Imaging is not routinely performed if the diagnosis is clinically apparent (10). However, contrast-enhanced CT is used if the diagnosis is uncertain, a full clinical examination is difficult because of severe trismus, a deep neck space infection or complication is suspected, or the patient does not respond to therapy. CT findings of peritonsillar cellulitis include tonsillar enlargement and linear, striated enhancement of the palatine tonsils and posterior pharyngeal soft tissues. Medial apposition of the enlarged tonsils results in a “kissing tonsils” appearance (Fig. 21.6A). Central liquefaction with surrounding rimlike enhancement is diagnostic of peritonsillar abscess (Fig. 21.6B). Peritonsillar cellulitis is treated with antibiotics, whereas abscess requires needle aspiration or surgical drainage (9,11).
FIG. 21.6 A: Tonsillitis. Axial postcontrast CT image shows enlargement of bilateral palatine tonsils with linear striated enhancement (black arrows). Enlarged tonsils are apposed in the midline (white arrow) giving a “kissing tonsil” appearance. B: Peritonsillar abscess. Axial postcontrast CT image shows a low-attenuation, rim-enhancing mass in the left palatine tonsil, compatible with a peritonsillar abscess, with purulent material found at tonsillectomy.
Retropharynx
The RPS extends from the skull base into the mediastinum up to the T2 thoracic vertebral level. It is bordered anteriorly by the visceral fascia (middle layer of the deep cervical fascia) and posteriorly by the alar fascia (a division of the deep layer of deep cervical fascia), which separates it from the danger space. Immediately posterior to the alar fascia is the danger space (Fig. 21.7A), which extends inferiorly into the posterior mediastinum. It is not possible to differentiate the RPS from the danger space on imaging, and danger space infection can be inferred only if the infection spreads below the T4 level.
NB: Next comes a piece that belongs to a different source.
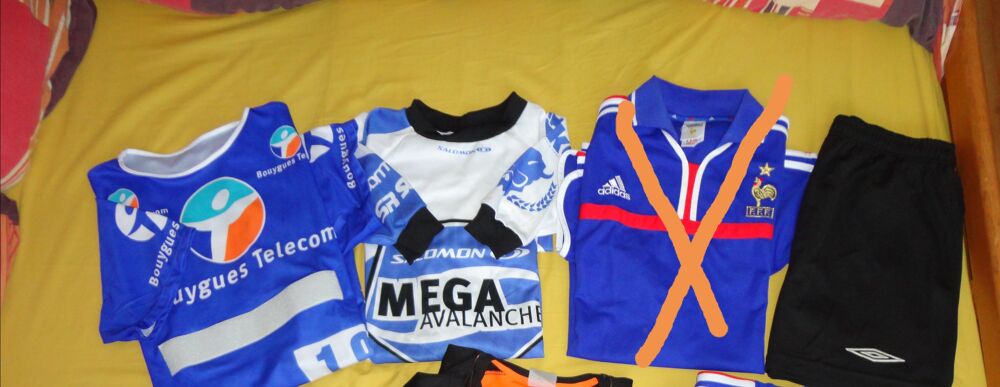 SEMELLE . ECHARPE . CASQUETTE.... MAILLOT ... Sports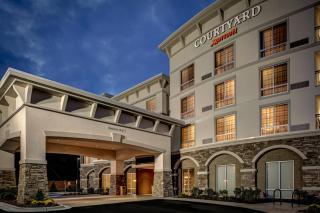Courtyard by Marriott Boone - Boone - 7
FIG. 21.7 Retropharyngeal space. A: On axial postcontrast CT image, the retropharyngeal space (RPS) is seen as a thin strip of fat density (arrows) posterior to the pharynx and anterior to the prevertebral muscles. B: On sagittal reformatted postcontrast CT image, the retropharyngeal fat stripe (arrows) can be seen in continuity throughout the neck from the skull base to the upper mediastinum. The RPS cannot be distinguished from the danger space. Danger space infection is inferred only if the infection spreads below the T4 level.
On imaging, the RPS appears as a thin stripe of fat density posterior to the pharynx (Fig. 21.7B). The contents of the RPS include fibrofatty tissue, blood vessels, and lymph nodes. Retropharyngeal lymph nodes are classified into medial and lateral groups. Lateral retropharyngeal lymph nodes are located just medial to the carotid sheath and anterolateral to the longus colli and longus capitis muscles, whereas medial retropharyngeal lymph nodes are located near the midline overlying the spine, immediately anterior to the prevertebral musculature. The prevertebral space lies posterior to the danger space, separated by prevertebral fascia, and extends down to the coccyx.
Suppurative retropharyngeal adenopathy
The RPS lymph nodes are prominent in young children but involute in late childhood. This explains the prevalence of retropharyngeal abscesses in the pediatric age group, which develop secondary to the suppuration of these lymph nodes following upper respiratory tract infections. Infections of the RPS can also originate from the parapharyngeal space, or may be posttraumatic, particularly in adults. On imaging, retropharyngeal suppurative adenitis is heralded by the appearance of enlarged paramedian retropharyngeal lymph nodes that contain low-attenuation centers (Fig. 21.8) (8).
FIG. 21.8 Suppurative retropharyngeal adenopathy. A mass with a low-attenuation center (long black arrow) is seen medial to carotid sheath structures (long white arrow), anterolateral to distorted prevertebral muscles (short black arrows), and lateral to the constrictor ring (short white arrows) on an axial postcontrast CT image, compatible with a suppurative lateral retropharyngeal lymph node.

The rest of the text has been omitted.